C’est un communiqué d’une rare violence verbale, à la mesure du traumatisme subi. Le Tout Puissant Mazembe, club mythique de la République démocratique du Congo, dénonce le « chaos total » et la « brutalité pure » qui ont conduit à l’arrêt définitif du derby face au FC Saint-Éloi Lupopo ce dimanche. Entre pratiques fétichistes et destructions massives, le stade de Kamalondo a basculé dans l’irrationnel.


L’image est dévastatrice pour le football congolais. Ce qui devait être une fête du sport, le célèbre derby de Lubumbashi, s’est transformé en un théâtre de désolation. Dans un communiqué officiel publié ce 9 mars 2026, la direction du TP Mazembe ne mâche pas ses mots pour décrire l’innommable : un envahissement de terrain massif, des projectiles pleuvant sur les joueurs et, plus surréaliste encore, des scènes de « pratiques fétichistes » jusque dans les cages du gardien de but.
L’indécence au sommet
Selon le club présidé par Moïse Katumbi, la tension est montée dès les premières minutes de la rencontre. Mais c’est à la mi-temps que le point de non-retour a été franchi. Des « hordes de supporters » de Lupopo auraient envahi la pelouse, se livrant à des rituels mystico-religieux, allant jusqu’à l’indécence la plus totale. Face à cette « furie destructrice », les forces de l’ordre ont semblé dépassées, rendant la reprise du match impossible.
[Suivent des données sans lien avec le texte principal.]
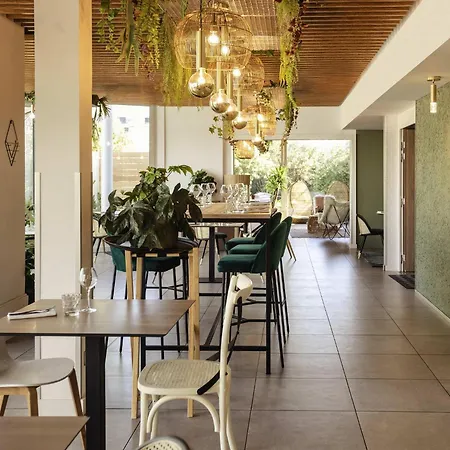 Ξενοδοχείο Novotel 4*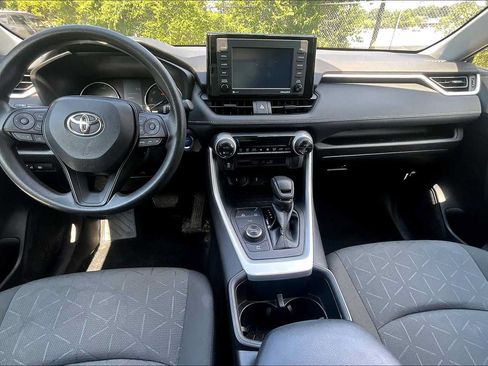 Used 2022 Toyota RAV4 XLE AWD/4WD image 27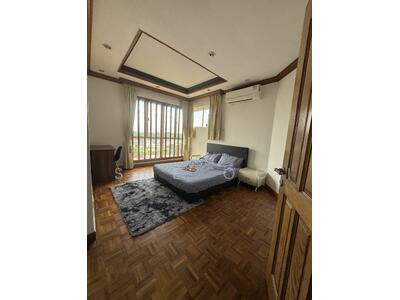 For Rent - Bullion Park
Le bilan matériel, dressé avec une précision chirurgicale par le secrétariat général du club, est accablant :
- Plus de 500 sièges arrachés ;
- Des véhicules caillassés dans l’enceinte même du stade ;
- Des grilles de séparation et des portails enfoncés ;
- Plusieurs blessés signalés parmi les spectateurs et le personnel.
Une « trahison morale »
Au-delà des dégâts physiques, c’est l’ingratitude qui semble blesser le « Tout Puissant ». Le stade de Kamalondo est en effet le seul de RDC actuellement homologué par la FIFA et la CAF pour les compétitions internationales. Le TP Mazembe rappelle, avec une amertume non feinte, qu’il met gracieusement ses installations à la disposition des autres clubs congolais, y compris son rival Lupopo, pour leurs matchs continentaux.
« Cette ingratitude est aussi révoltante qu’incompréhensible. Elle constitue une trahison morale que le TP Mazembe ne saurait tolérer », assène le communiqué signé par Frédéric Kitengie Kinkumba.
L’heure des comptes
Le club exige désormais des sanctions exemplaires. Alors qu’une rencontre internationale doit se tenir dans ce même stade d’ici une semaine, l’urgence est à la fois sécuritaire et disciplinaire. Le TP Mazembe demande à la LINAFOOT et à la Fédération congolaise de football (FECOFA) l’identification et la condamnation ferme des auteurs et commanditaires de ces actes de vandalisme.
Le football congolais, sport-roi dans le pays, se retrouve aujourd’hui déshonoré sur la scène continentale. Le TP Mazembe, qui a déjà transmis l’intégralité des images de vidéosurveillance aux autorités judiciaires, se réserve le droit d’engager des poursuites pour obtenir réparation intégrale. Une chose est sûre : le « fair-play » a quitté Lubumbashi hier soir, laissant place à un champ de ruines et à une honte nationale.